AIM OF THE EXERCISE: Here the job is to transcribe only the lines from the one containing "woman wearing a" through the last line below, exactly as written; please leave out pictures.

DATASET EXCERPT:
== == ==
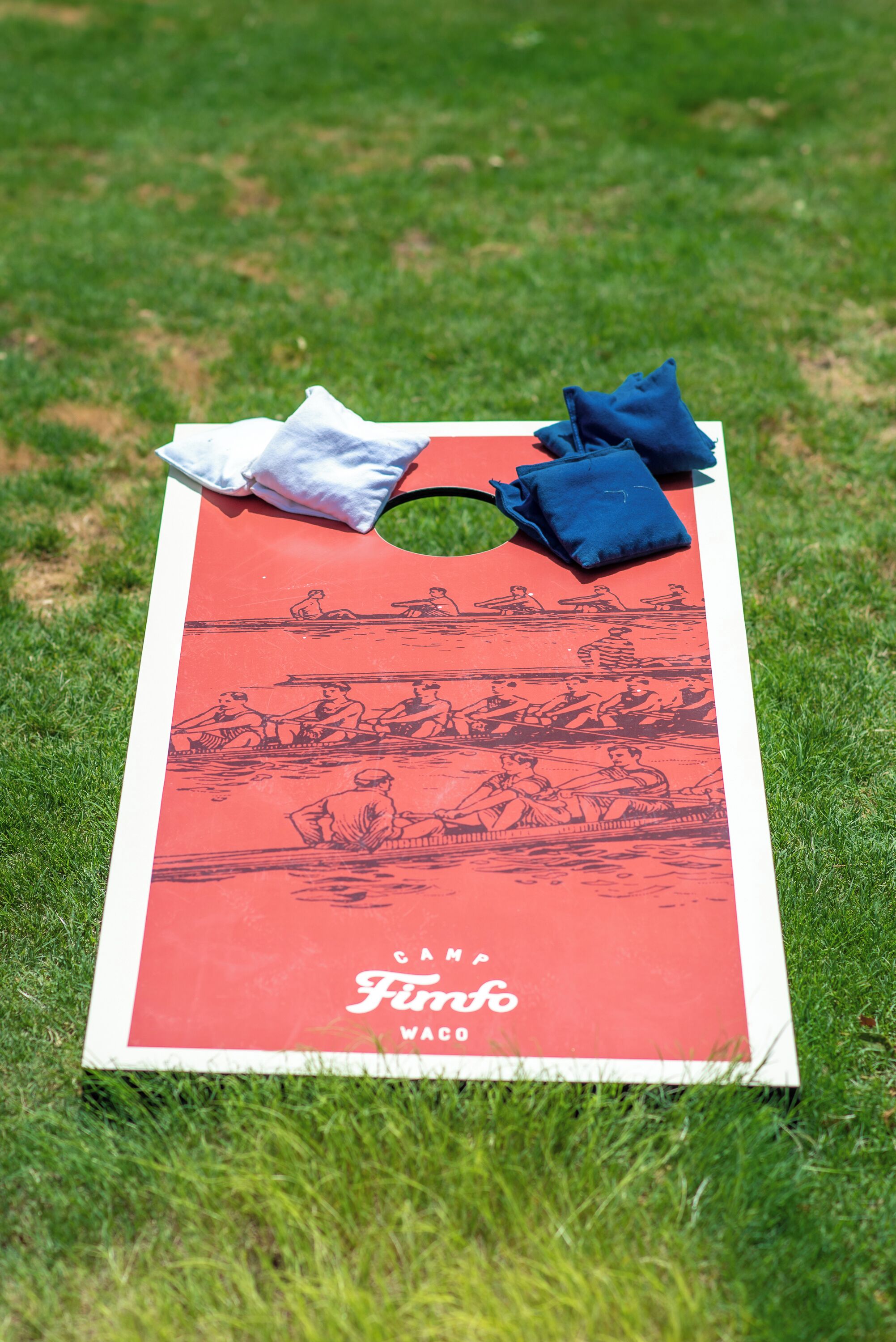 A red and white board game with illustrations of people rowing, placed on grass.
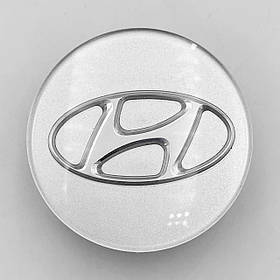Ковпачки (заглушки) на литі диски HYUNDAI (Хундай) 57 мм Сріблясті скло (52960-1E400)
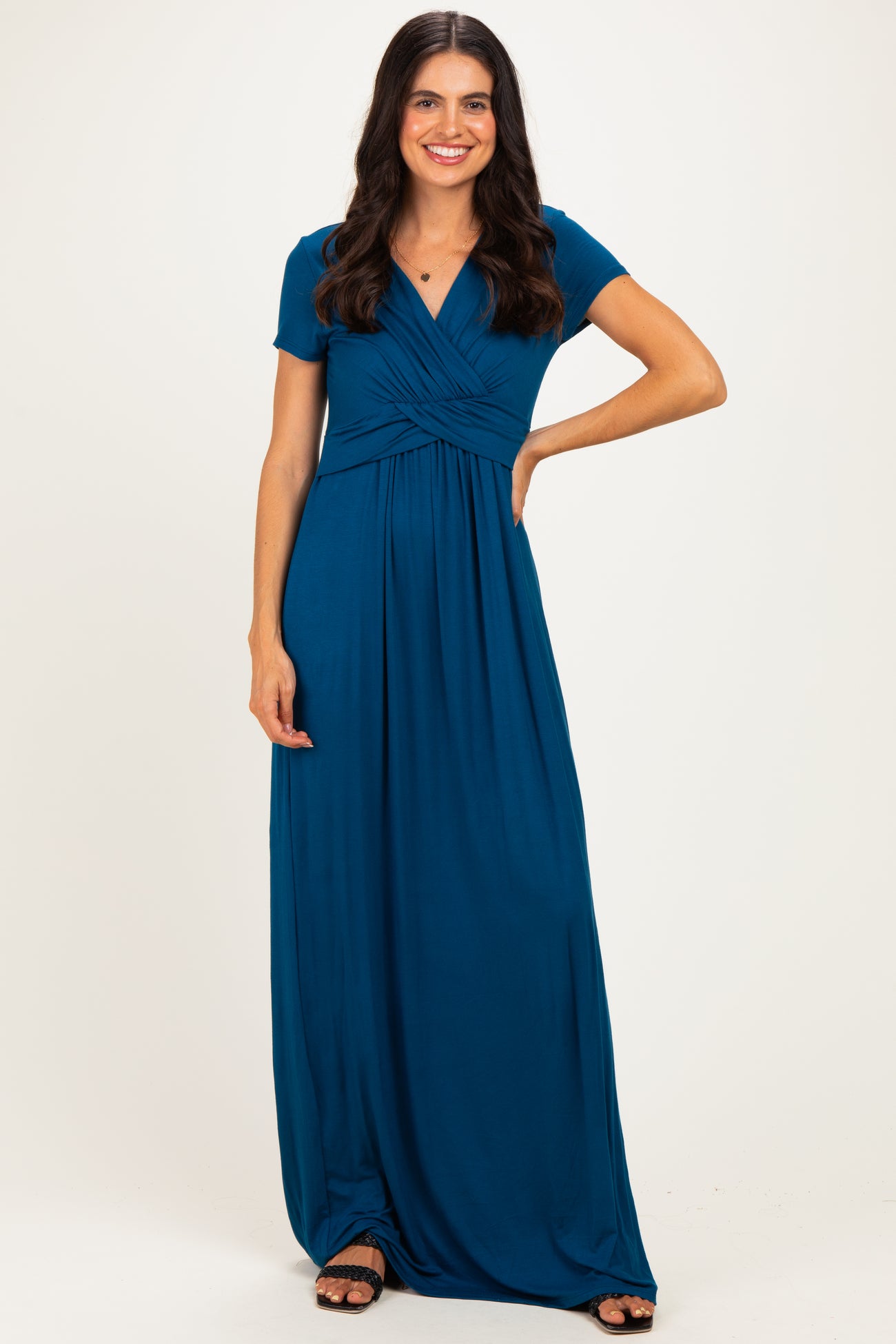 woman wearing a teal short sleeve maxi dress with a twisted front detail and a relaxed fit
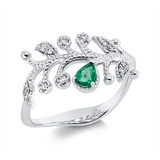 Ring 18 kt WG, 6 Brill. 0,06 ct, TW-si/pi, 6 Brill. 0,04 ct, TW-si/pi, 1 Smaragd 0,14 ct grün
== == ==
ANSWER TO THIS PROBLEM:
 woman wearing a teal short sleeve maxi dress with a twisted front detail and a relaxed fit
 Ring 18 kt WG, 6 Brill. 0,06 ct, TW-si/pi, 6 Brill. 0,04 ct, TW-si/pi, 1 Smaragd 0,14 ct grün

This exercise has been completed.